从1985年开始,每学年初都要进行这样的训练。所有大学新生都必须参加——男女一视同仁,不好的表现将会留在学生的档案中,伴随他们整个职业生涯。清华大学体育馆的喇叭中传出的声音说,军训是“中国人民共和国赋予公民的一项神圣职责。”

中国与台湾、朝鲜、韩国这些同样执行强制军事训练的邻居们不同,它几乎没有面临任何外敌入侵的威胁。但它依然保持着世界上最大规模的军事力量,志愿军力达230万。保家卫国其实并非军训的主要目的,训练内容几乎没有涉及任何实战内容。

各个学校有各自的军训目标,但根据中国教育局的官方信息,军训的目的是“提高学生的国防和安全意识”。同时提高“爱国主义、集体主义和革命英雄主义情操”,并“提升组织性、纪律性”,以便“发展成社会主义建设者和接班人”。

有些人看到了一些恶毒的阴谋。住在上海的一位美国人Kai Pan在CNReviews上撰文说,外国人通常认为军训“是通过对天真、最容易受影响的年轻人进行‘洗脑’,而培养令人厌恶的民族主义情绪”。北京大学哲学系教授彭国翔说军训的目的是“把(学生)训练成羔羊”。

清华大学往南一英里是人民大学——培养有抱负的政府干部的顶级学校。8月份,一个英文名字叫Rachel的19岁语言系学生正在准备参加军训。她身高不到5英尺,体重90磅,从未参加过任何类似的活动。她说:“我很紧张。”

Rachel在1992年出生于东部沿海省份浙江,那里是中国最富裕的地区之一。她曾经和家人一起到过中国的很多地方,她希望自己的语言能力最终能让她找到一份可以环游世界的工作。这个生长在中产阶级政府官员家庭的孩子像同龄人一样,是个独生子女。她笑着说她的家庭生活“很孤单,小时候很受宠,什么事情也不需要操心。”

Rachel的成长环境与上一代中国人天差地别。她的祖母在9岁的时候就与她未来的丈夫包办订婚,那是上世纪40年代末的事情,中国刚刚结束内战和日本人的入侵。Rachel的父母都生于60年代初,经历过毛泽东文化大革命的冲击,还曾经吃树皮度过饥荒。但随着社会主义意识形态的消亡和经济的蓬勃发展,中国的人均GDP从1990年到2010年增长了14倍,新一代中国人发现他们周围的环境变化得太快了。像Rachel这样在经济飞速发展时代出生的人被(轻蔑地)称为中国的90后。根据中国《环球时报》的报告,这些孩子被认为具备的主要特点是“懒惰、乱交、迷惘、自私、脑残和绝望”。
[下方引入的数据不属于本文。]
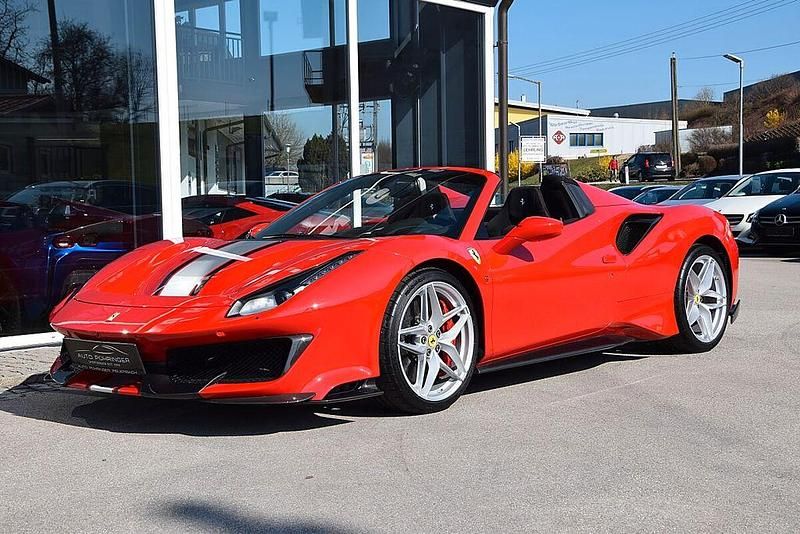 Second-hand Ferrari 488 721 CP (530 kW) 2020 Roșu Cabrio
尽管很多高校都在自己的校园中军训,但Rachel和她的同学们被送到了一个小镇昌平的军事基地,那里位于燕山山脉的脚下,距北京25英里。她和其它9名年轻女孩共住一间有双层床和一个不好使的空调的房间。安顿好之后,他们被带到一个食堂中,里边摆放着几张桌子,但没有椅子。Rachel说:“当教官说开动的时候你才可以吃。菜都很咸,所以你必须多吃米饭。”

刚开始的军事生活让Rachel和她的同学们很难适应。6000名学生只有5分钟时间吃饭,然后就要去领军装,这身衣服将伴随他们未来两个星期,不能洗,也不能换。Rachel说:“我真想回到学校里。”

第二天早晨开始正式的训练。学生们5点被叫起床,先跑步一英里,然后是早饭和接下来的训练。Rachel在她的日记中写道:“今天的训练内容是站立。你需要在太阳下直挺挺地站立10分钟,手贴在身体两侧。我们的脚、腿、膝盖都非常疼,但不敢动弹,否则就会被罚站更长时间。我觉得头晕目眩。”

当天晚些时候,Rachel队伍中的一个女孩晕倒了,这是军训中的常事。新华社在2004年报道,广州一所学校在华氏100度的天气里军训,一天就有30名学生晕倒或中暑。

Rachel写道:“噢,我的眼皮开始打架了。”她拖着疲惫的身躯进入了梦乡。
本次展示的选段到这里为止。